With that, I declare Lambing 2015 officially over. According to my records there is one yearling left un-lambed but she may not have been bred, may have had a lamb and escaped my vigilant eye, and may lamb some time later. I'll presume she's not bred and will carry on as if.

In celebration, I knit some socks.

I've barely been out in the wool shack during lambing season and am anxious to get back at it. And not just a little surprised that several pair flew off the knitter in short order without any train wrecks.

The above pair is size XL (Men's 13 - 15) knit with double strands of my 70/30 Shetland/Nylon lace weight yarn. The cuffs, heels and toes are in double Fawn and the body in one strand of Fawn plus one strand of Brown. I knit a bundle of these socks in Small, Medium, and Large until interrupted by lambing and now I'll top of the set with some XL and XS before moving on to other projects.

In between lambing checks, puppy training and Easter singing I manged to do a rebuild of my website. Goodness knows I was happy with the old site, but the code it was written in needed updating to keep up with internet security specs and it was actually easier to do a total rebuild than to try and adapt.

I'm not a coding person.
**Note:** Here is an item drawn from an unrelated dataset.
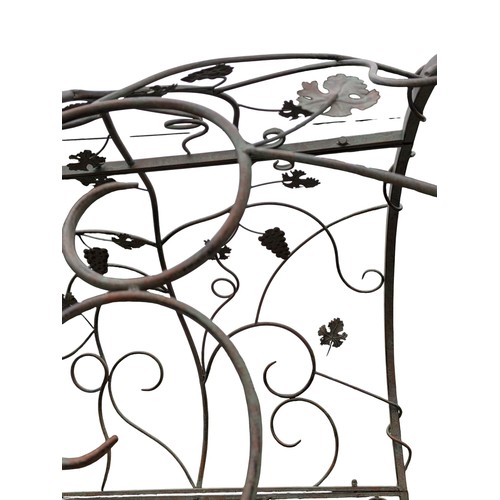 2 - Bronzed metal rose walk decorated with grapes and vine leaves. {231 cm H x 120 cm W x 201 cm D}.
I just pick away using the monkey-see monktey-do method and slowly things take shape. Hey - just like knitting!

The new site is a work in progress. The deadline for code update was last week and I was able to get far enough along to launch but I've still got a lot of content tweaking to do, and my photo formatting was all lost so I'll have to start re-shooting photos. Ugh.

On nice thing - the new site is responsive - it can detect if it is being viewed on a desktop, tablet or phone, and even if the phone or tablet are being held in portrait or landscape position. I had a bit of a dummy-up version of this with the old site that recognized phones, but this is a more savy rendition.
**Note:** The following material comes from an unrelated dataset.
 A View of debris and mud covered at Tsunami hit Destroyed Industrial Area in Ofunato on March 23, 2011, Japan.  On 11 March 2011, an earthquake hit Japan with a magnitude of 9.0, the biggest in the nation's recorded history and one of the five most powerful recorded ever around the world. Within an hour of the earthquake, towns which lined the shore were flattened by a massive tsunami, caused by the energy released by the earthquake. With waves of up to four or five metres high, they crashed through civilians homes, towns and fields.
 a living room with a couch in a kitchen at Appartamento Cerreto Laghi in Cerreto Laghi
There are over 2500 code files in the web site, many with thousands of lines of code.

 I can't believe I ate the whole thing!

Monday, May 18, 2015


This tiny ewe, tag number 314B wasn't supposed to be here.

In the fall I separated the male and female lambs into their own groups - the males for market and the females to join the flock. This little one was someone of a poor doer - easily bullied by the bigger lambs, and lethargic at the feed trough even when there was lots of space for her. I planned to ship her when the male lambs went to market but, being in a different group I more or less forgot to split her out.
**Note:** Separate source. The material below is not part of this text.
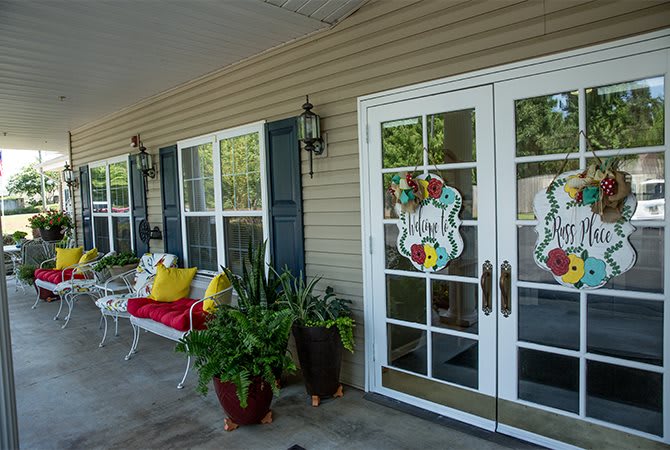 A welcoming front porch with a bench adorned with colorful cushions, potted plants, and decorative glass doors.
Through the winter she remained uninspired at the trough - always seemed to say "sighhhhh" or "meh" instead of "maa" She was so small and immature I didn't think she'd get bred.

Well surprise on me - the other day I go out and here is this tiny wee lamb to go with its tiny wee mama. He can't weigh even a pound. And mama is somewhere betweeen 40 - 50 pounds - about half size of other yearling ewes.

I flipped her over to check out her equipment and sure enough there is a perfectly shaped and full tiny wee udder with tiny wee teats, and her lamb had a full tiny wee belly.

(By way of reference, the boards behind the lamb are 5.5" planks.)

Thursday, May 14, 2015


My favourite time of day on the sheep farm - around 7 p.m. every day, for years, the lambs go on a romp as a mob. Sometimes a few adults join in, especially younger adults. The race around and around and around the pasture.

After some cold, rainy, muddy days, I felt like running aorund in the sunshine as well...

Saturday, May 9, 2015

Perfect Mother

Now this is a perfect mother. She has twins. Each same size. One on each side of her stuck to her like glue - whether grazing, walkings, or running like the wind. And not to mention the gorgeous silky soft caramel of a fleece.

Happy mothers' day to all you human type moms!

Tuesday, May 5, 2015


thought hoped I might escape have bottle lambs this year.

Yesterday, in the night, these lambs were born in the sheep yard. When I found them in the morning the little guy was still covered in birth fluids but his nose was cleared so he was able to breathe but this mother clearly had no interest in him.  I cleaned him off with a towel and presented him to her and she kind of sniffed at him but returned her attention to the normal sized sister.

When I penned them, I took the sister away. The mother then started paying attention to him but I could only keep the sister away, realistically, until she needed her next meal. When I put her back in the pen the mother immediately re-rejected the runt.

You can see I have her on a tether that is long enough that she can eat, drink and lay down allow the runt some get-away room if she tries to attack him.  But even on the tether she seems knows who it is trying to suckle and will kick him off.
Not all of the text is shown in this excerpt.